Organized criminals continue to use online attacks as money-making activities, mainly by using malicious programs or online scams to infect computers, target bank accounts or hijack online transactions. According to Mikko Hypponen, F-Secure’s Chief Research Officer, “[today], it’s more likely for any of us to become a victim of crime online than here in the real world. And it’s very obvious that it’s only going to get worse. In the future, the majority of crime will be online.”

2011 was the year when ‘hacktivism’ – as performed by the amorphous Anonymous collective and its counterparts – also proved capable of organizing significant off-line political protests. Unlike previous outbreaks of online activism, these groups were able to move beyond attacks against government or commercial databases to successfully organizing multiple real-world protests.   

Nation-states have also become heavily implicated or suspected actors in a number of online attacks, in particular sophisticated, targeted campaigns against perceived ‘dissidents’, ‘rogue nations’ or even simple corporate espionage.
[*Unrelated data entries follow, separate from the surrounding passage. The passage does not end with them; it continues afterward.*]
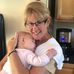 Vicki Short - Facebook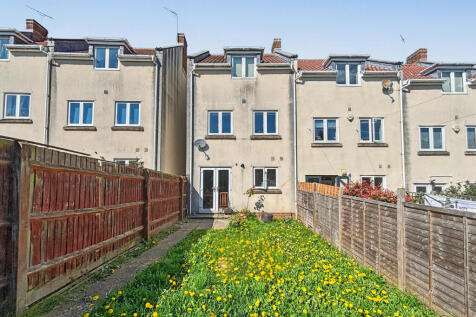 28ba7095-7ec1-4586-b323-b955d07b791b.jpeg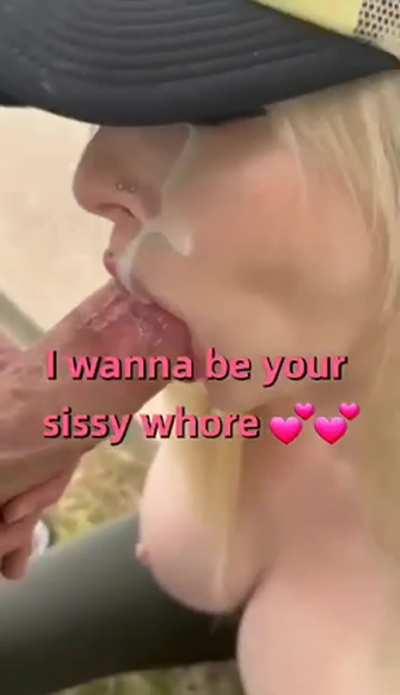 Blowjob GIF by sismod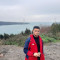 ahmetozcan6
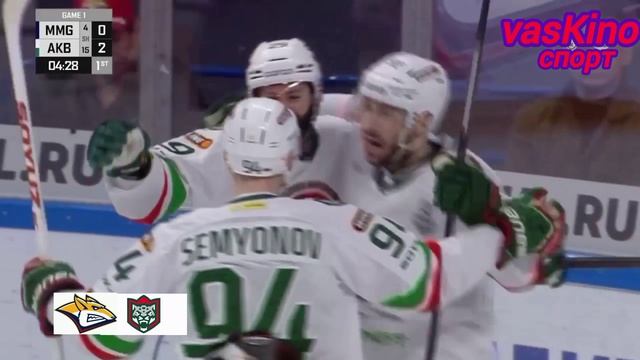 Ну как так дали, то!?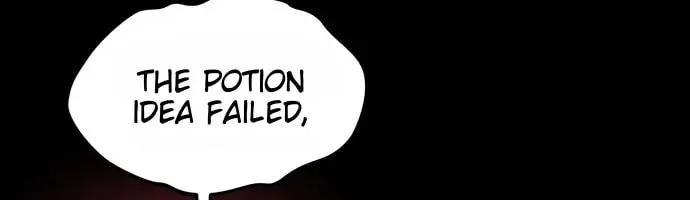 Read Surviving in a Harem chapter 17 image 26 on Lezhin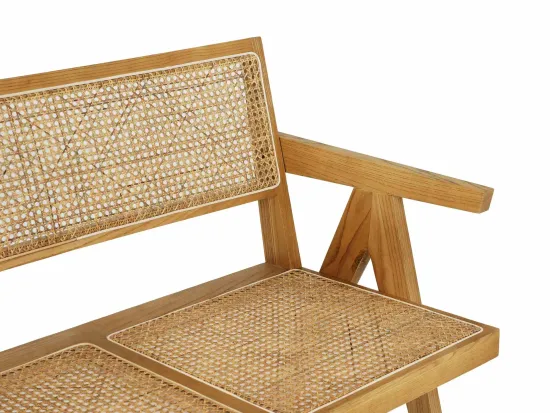 Скамья Palmira 797717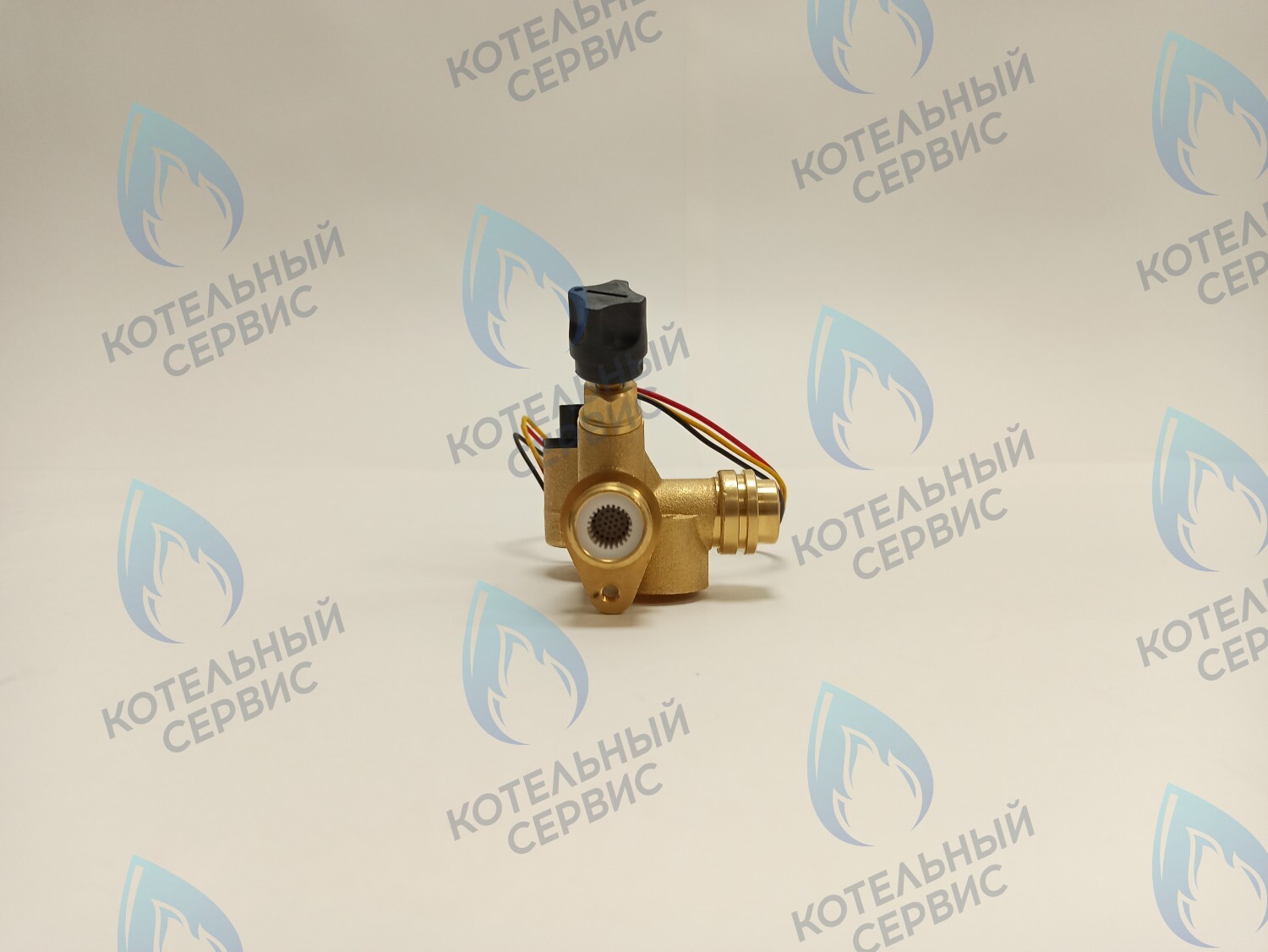 Входная гидрогруппа KOTITONTTU TOIVO T10-18 DK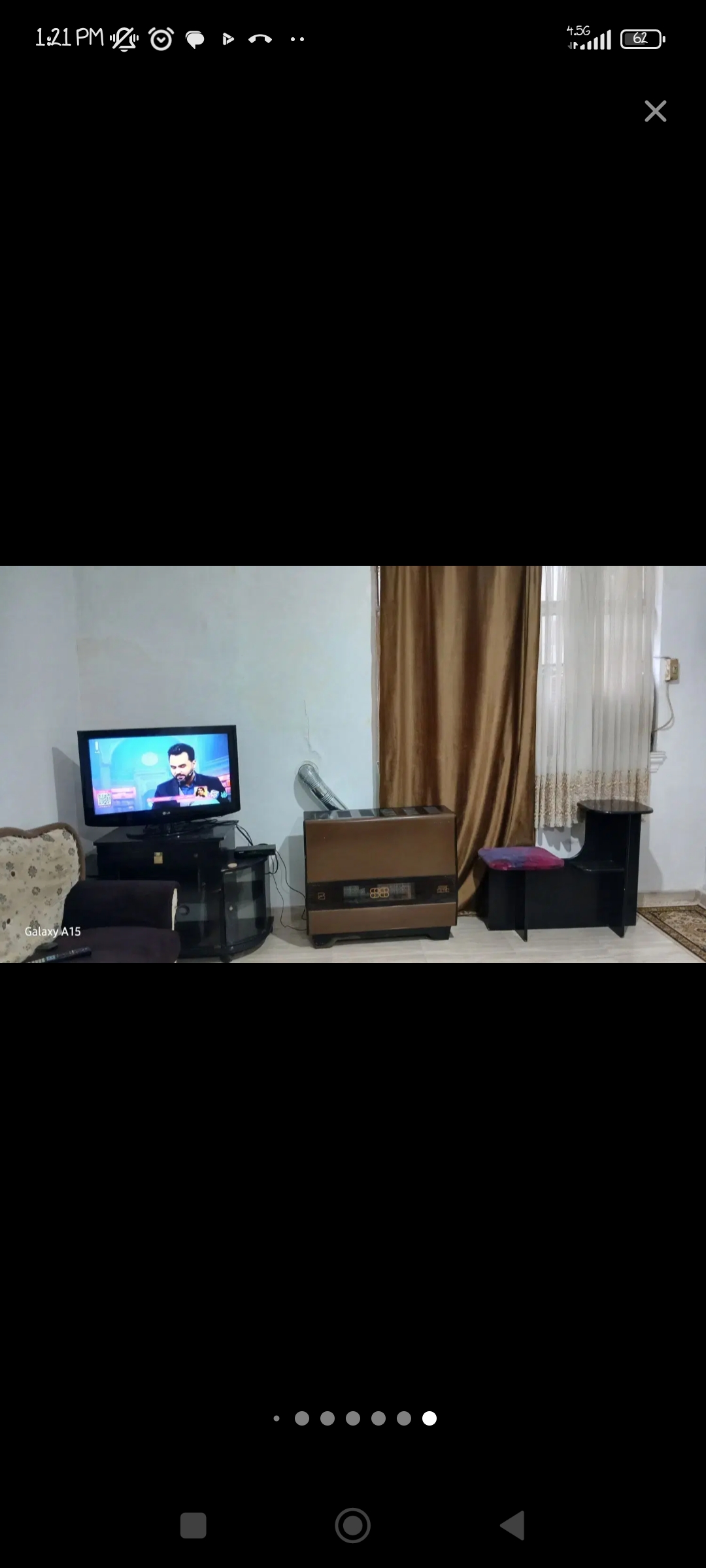 تصویر املاک 44484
These trends are presented in more detail in Hypponen’s presentations, in various public forums:

  

Duqu follows in Stuxnet’s footsteps

In purely technical terms, the most interesting development of 2011 is the appearance of Duqu, which appeared almost one year after its predecessor, Stuxnet, was discovered. 

Given strong code similarities between the two malware, there is a strong probability that the two malwares were created by the same party. The similarities between the two extend to the use of stolen certificates to sign their driver files, though the details of the certificates differ.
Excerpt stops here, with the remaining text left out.